= Dana R. Carney =

American psychologist

Dana R. Carney is an American psychologist. She is associate professor of business at the Haas School of Business at the University of California, Berkeley. She is a Barbara and Gerson Bakar Faculty Fellow, an affiliate of the Department of Psychology and the director of the Institute of Personality and Social Research at the University of California, Berkeley.

==Education and research ==
Carney's field of study is nonverbal communication, power and status, and racial bias and discrimination. She has published over 50 articles on these topics in her ten years as a faculty member. Prior to serving on the faculty at UC Berkeley she was an assistant professor at Columbia University's Graduate School of Business. Previous to Columbia she spent time as a postdoctoral fellow at Harvard in the Psychology Department working with Mahzarin Banaji, Wendy Berry Mendes, and Moshe Bar. She received her PhD in experimental psychology from Northeastern University working with Judith A. Hall and C. Randall Colvin. She also received a master's degree at California State University, Fullerton working with Jinni A. Harrigan and Ronald E. Riggio and a B.A. from the University of San Francisco working with Maureen O'Sullivan.

==Power poses==
Carney is the primary author of the power pose phenomenon popularized by Amy Cuddy. The idea of power posing builds on a paper Carney published in 2005 called "Beliefs about the nonverbal expression of social power" and a finding called the facial feedback hypothesis (which has come under some scrutiny for possibly being a false positive finding; however a recent paper suggests the facial feedback hypothesis may be a true phenomenon after all).
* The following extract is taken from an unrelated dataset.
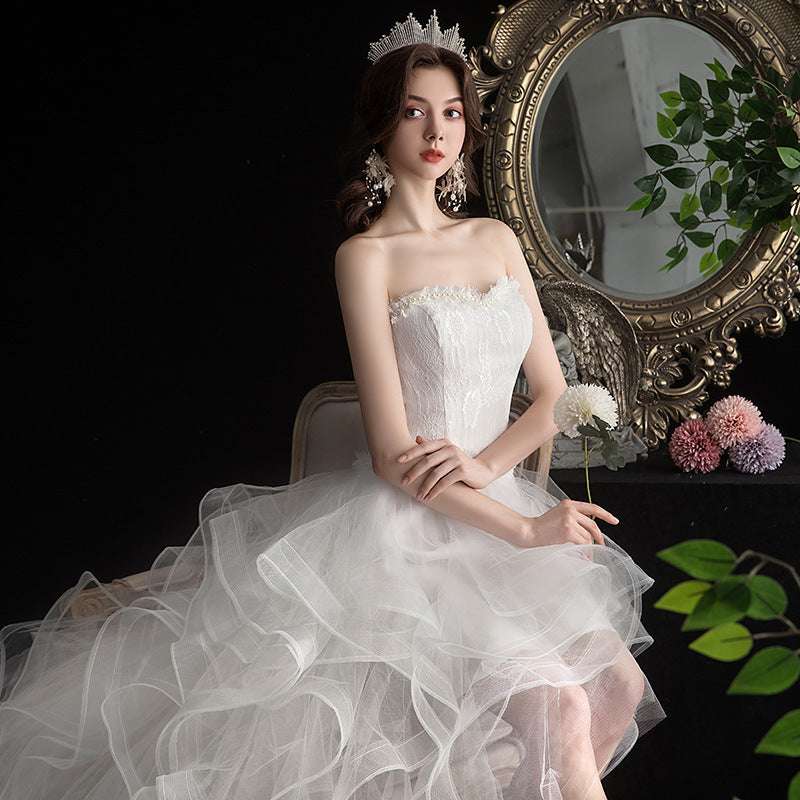 Short Front And Back Length Small Trailing Wedding Dress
After many failed replications of Carney's power pose work, Carney posted a note on her personal website explaining that she no longer believed in the effects of power posing on feelings, hormones, and risk-taking behavior. This "position on power poses" note contributed to the discussion of replicability in psychological science by Carney being among a first recent batch of scientists publicly disclosing they did not, after failed replications, have faith in their own research. Carney was applauded for her willingness to disclose her doubts.